Д. С. Мережковский с большой убедительностью вскрывал христианские черты в творчестве Некрасова и Глеба Успенского. Их можно восстанавливать по скудным библиографическим фрагментам, какие нам остались, и для многих революционеров той эпохи, — конечно, не для всех. Ни в ком, быть может, они не поражают так, как в Александре Дмитриевиче Михайлове49, великом организаторе «Народной Воли». Тот, кто читал его удивительное письмо к родителям после смертного приговора, скромное и благородное, трепещущее любовью и радостным ожиданием казни, тот не забудет имени Христа, завершающего его, завершающего всю жизнь человека. Этот дворянский сын, такой нежный, преданный сын (террорист урывает дни для свидания со стариками), юный красавец с холеной русой бородой, впоследствии неумолимый конспиратор, «дворник», кого любили и боялись все в партии, — проходил свою народническую Фиваиду на Волге, в старообрядческом селе. Конечно, нелепые идеи о потенциальной революционности раскола привели его сюда. Он живет около года в крестьянской избе среди верующих людей, подражая им во всем, часами простаивая на молитве, с лестовкой в руках, отбивая поклоны… Об успехах, даже о попытках пропаганды с его стороны мы ничего не слышим; но в Саратове он признается товарищам, что находит особое удовлетворение в этой жизни. Что же, это удовольствие актера, хорошо вошедшего в роль? Нелепое предположение для Михайлова. Пусть, почти наверное, Михайлов не был христианином, тем более церковным — он должен был находить в душе отклик этому православному быту, заражаться чужой верой, — и, во всяком случае, чтить ее.

Религиозный ключ к народникам и народовольцам дает не только имя Христа, но и особое отношение к мученикам раскола. Когда в Шлиссельбурге другая праведница, более сурового склада, Вера Николаевна Фигнер50, получила возможность читать книги, она вспоминает, что ничто так не потрясало ее в русской истории, как образы боярыни Морозовой и протопопа Аввакума. Через 200 лет мученикам двуперстия откликаются мученики социализма. Это дает право понять природу нового движения, как христианской секты, сродной тем, что возникли на почве раскола, бегунам, беспоповцам, взыскующим града, с эсхатологической устремленностью, с жаждой огненной смерти.

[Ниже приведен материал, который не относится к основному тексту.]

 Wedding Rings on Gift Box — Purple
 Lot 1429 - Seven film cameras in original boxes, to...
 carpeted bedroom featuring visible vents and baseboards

Движение, в идее утверждающее крайнее западничество, разоблачает себя, как русская религиозная секта. Да, это уже не борьба за дело Петрово… Аввакум — против Петра, воскреснув, расшатывает его империю. Каким тонким оказался покров европейской культуры на русском теле! Ведь это уже не вековая дворянская школа. Разночинство берет немецкое «последнее слово» на медный пятак. Его хватает ровно настолько, чтобы опустошить русские мозги, но оно бессильно перевоспитать «натуру». Запад дает, как некогда «жидовство»51, новые символы и догматы. Но идолам молятся, как иконам, по–православному.

И вдруг — с 1879 года — бродячие апостолы становятся политическими убийцами. Они объясняют это сами своим политическим опытом, поумнением. Историку новое безумие может показаться горше первого. Но объяснение правильно: это срыв эсхатологизма. Царствие Божие, или царство социализма, не наступило, хотя прошло уже 9 лет. Надо вступить в единоборство с самим князем тьмы и одолеть его. Помните у Гаршина52, красный цветок, в котором для безумного сосредоточилось мировое зло? Как нынешние апокалиптики видят в большевизме воплощенного антихриста, так народовольцы увидели его в царе.

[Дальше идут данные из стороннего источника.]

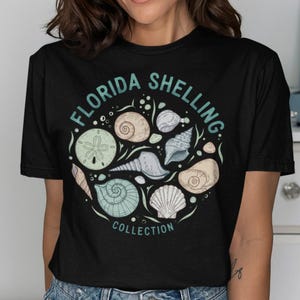 Może przedstawiać: Czarny t-shirt z krótkim rękawem z okrągłą grafiką przedstawiającą różne muszle i sercówkę. Napis "FLORIDA SHELLING" jest wygięty w łuk nad muszlami w kolorze morskim, a słowo "COLLECTION" jest nadrukowane w kolorze morskim poniżej muszli.
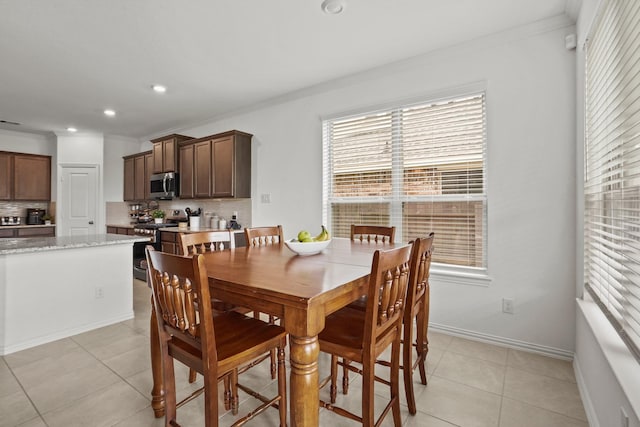 dining space featuring crown molding, light tile patterned floors, recessed lighting, visible vents, and baseboards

Эти страшные годы борьбы не прошли для них бесследно, не могли не запятнать их голубиной чистоты. Партия террористов уже со всячинкой. Среди нее уже работают провокаторы. Один из предателей после 1 марта всходит вместе с героями на эшафот. Не гнушаются ложью, и принимают сотрудников из III отделения. Дисциплина, моральные требованиям очень высоки: но ищут доблести солдата, а не христианских добродетелей. Вероятно, многие сорвались и погибли в этом бесчеловечном деле. Но другие донесли до эшафота или сохранили на четверть века в каменных мешках Шлиссельбурга сердце полное веры и любви. Митрополит Антоний53видел их и благословил в 1905 году.

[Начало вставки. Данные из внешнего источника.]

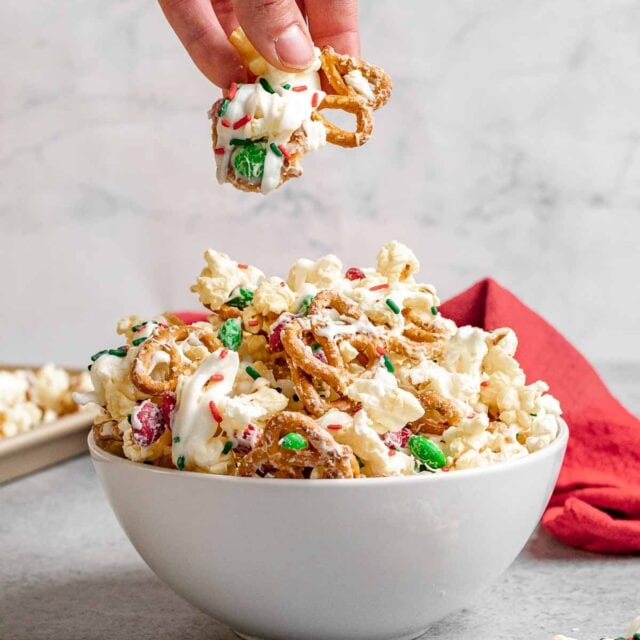 Christmas Popcorn Crunch in Bowl with hand holding portion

Но кровь не прощает. Мученики, становясь палачами, обречены на гибель. Поколение, вынесшее, как свой цвет, как чистейшую жертву, — цареубийц, должно погибнуть и без преследований правительства. Отметим для многих, оставшихся в живых, религиозный исход. В 70–е годы «маликовцы» — Н. В. Чайковский, Фрей54… В 80–е годы — толстовцы. Другие — «ренегаты», среди них загадочный Лев Тихомиров55, редактор «Народной воли», кончают православием.